■ Activity
Where the entries below show "Senior man and", begin there and print that line and all following lines exactly, through the last, omitting pictures.

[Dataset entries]
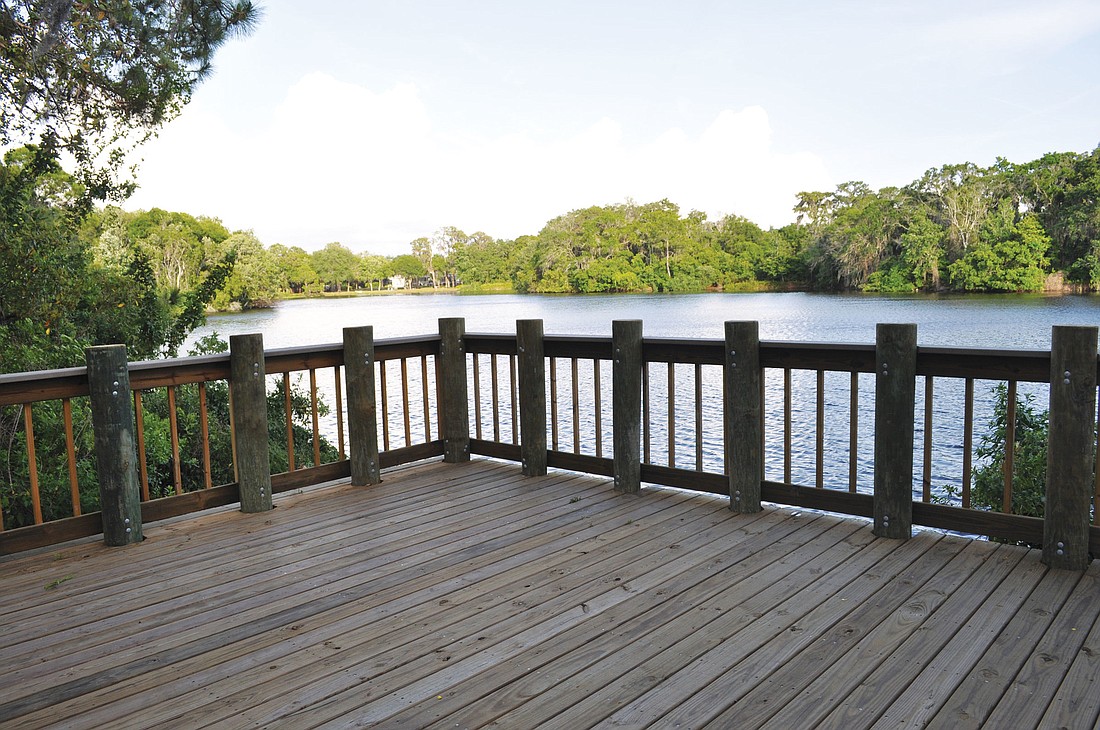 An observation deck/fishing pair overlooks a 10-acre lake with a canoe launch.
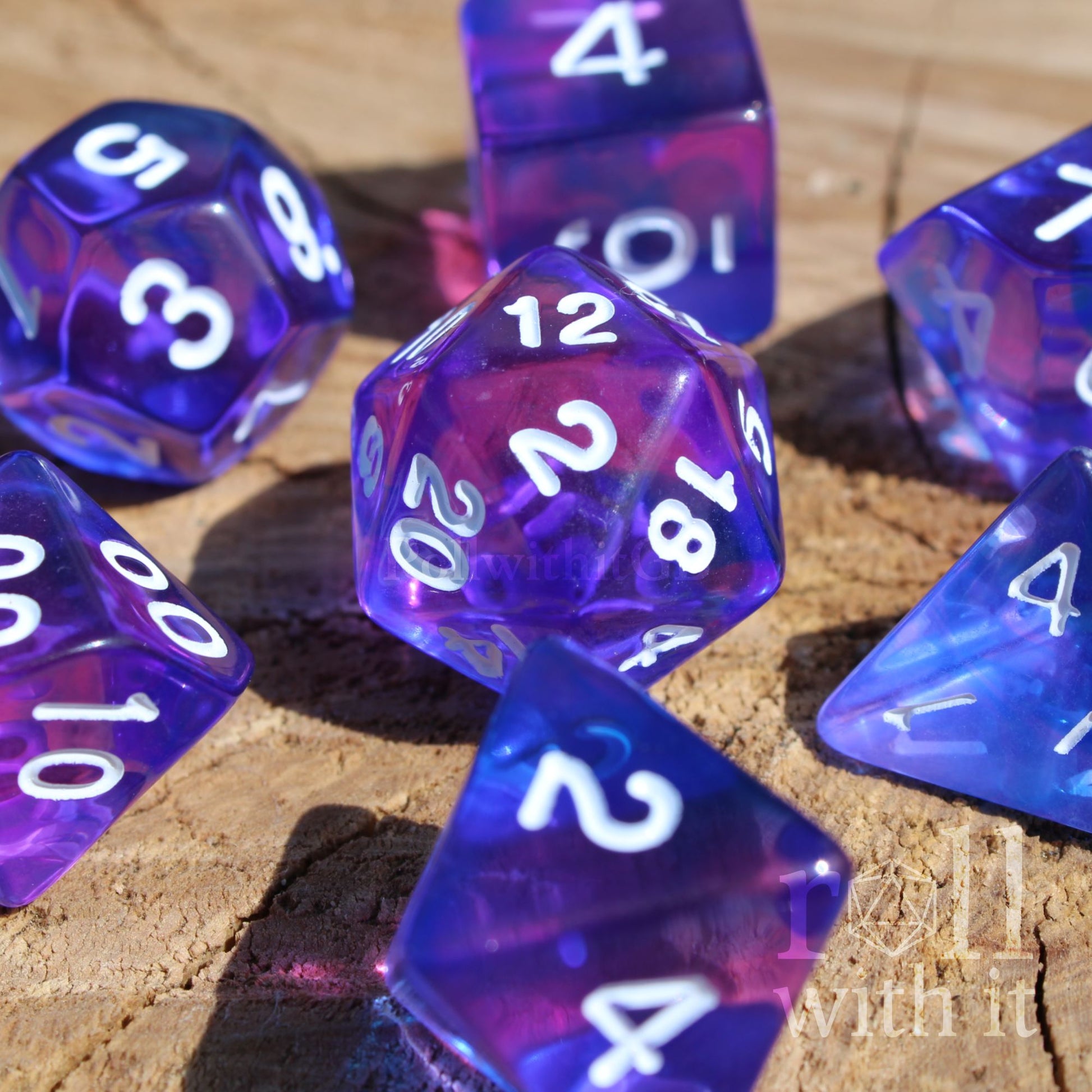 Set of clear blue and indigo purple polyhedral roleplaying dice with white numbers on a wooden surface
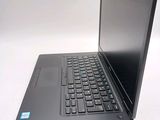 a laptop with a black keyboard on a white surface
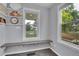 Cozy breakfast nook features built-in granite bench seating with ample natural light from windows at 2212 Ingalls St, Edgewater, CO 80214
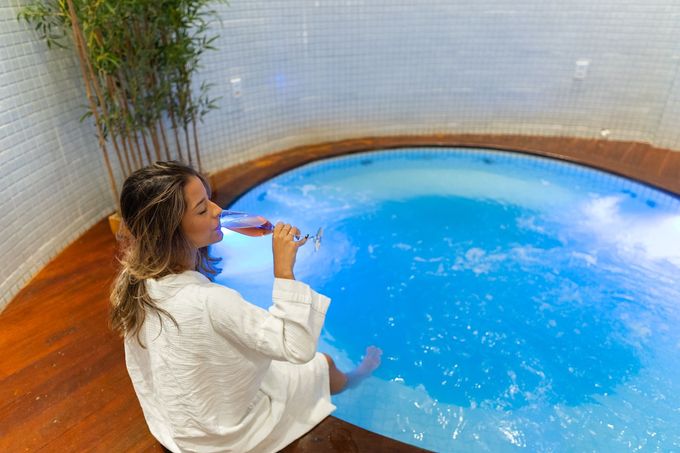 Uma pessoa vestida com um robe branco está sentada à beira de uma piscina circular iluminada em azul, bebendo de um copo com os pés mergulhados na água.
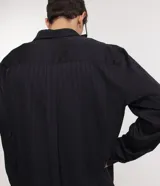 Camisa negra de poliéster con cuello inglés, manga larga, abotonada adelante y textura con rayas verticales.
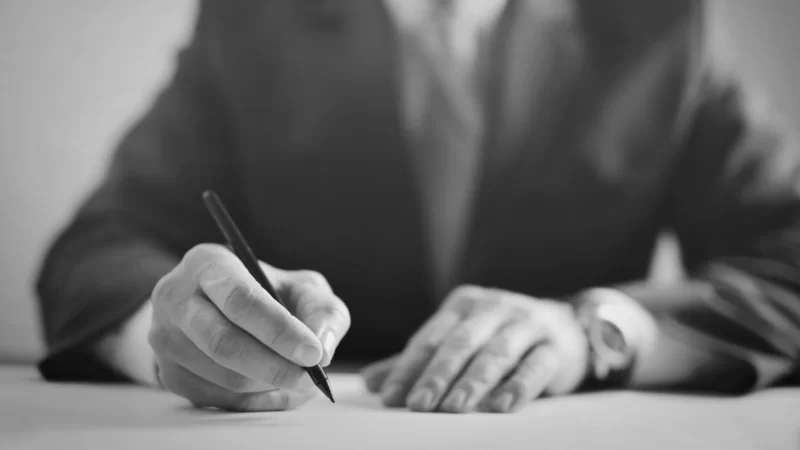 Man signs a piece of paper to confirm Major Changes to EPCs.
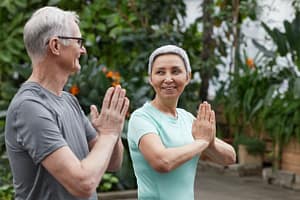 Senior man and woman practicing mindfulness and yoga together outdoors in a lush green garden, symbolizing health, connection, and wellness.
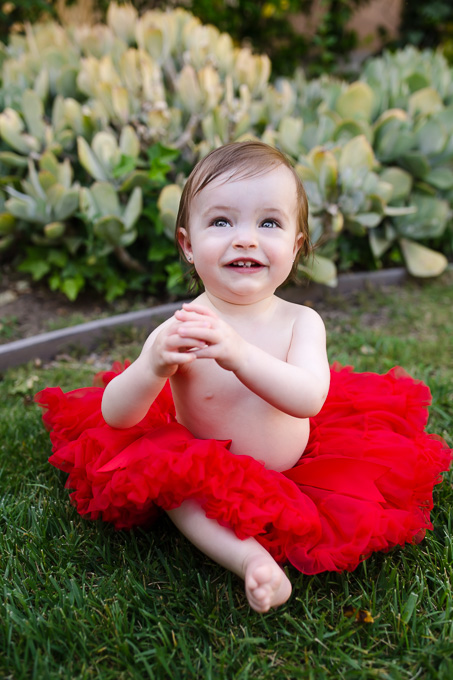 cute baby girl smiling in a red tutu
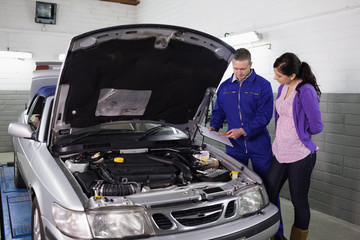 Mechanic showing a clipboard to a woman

■ Your response
 Senior man and woman practicing mindfulness and yoga together outdoors in a lush green garden, symbolizing health, connection, and wellness.
 cute baby girl smiling in a red tutu
 Mechanic showing a clipboard to a woman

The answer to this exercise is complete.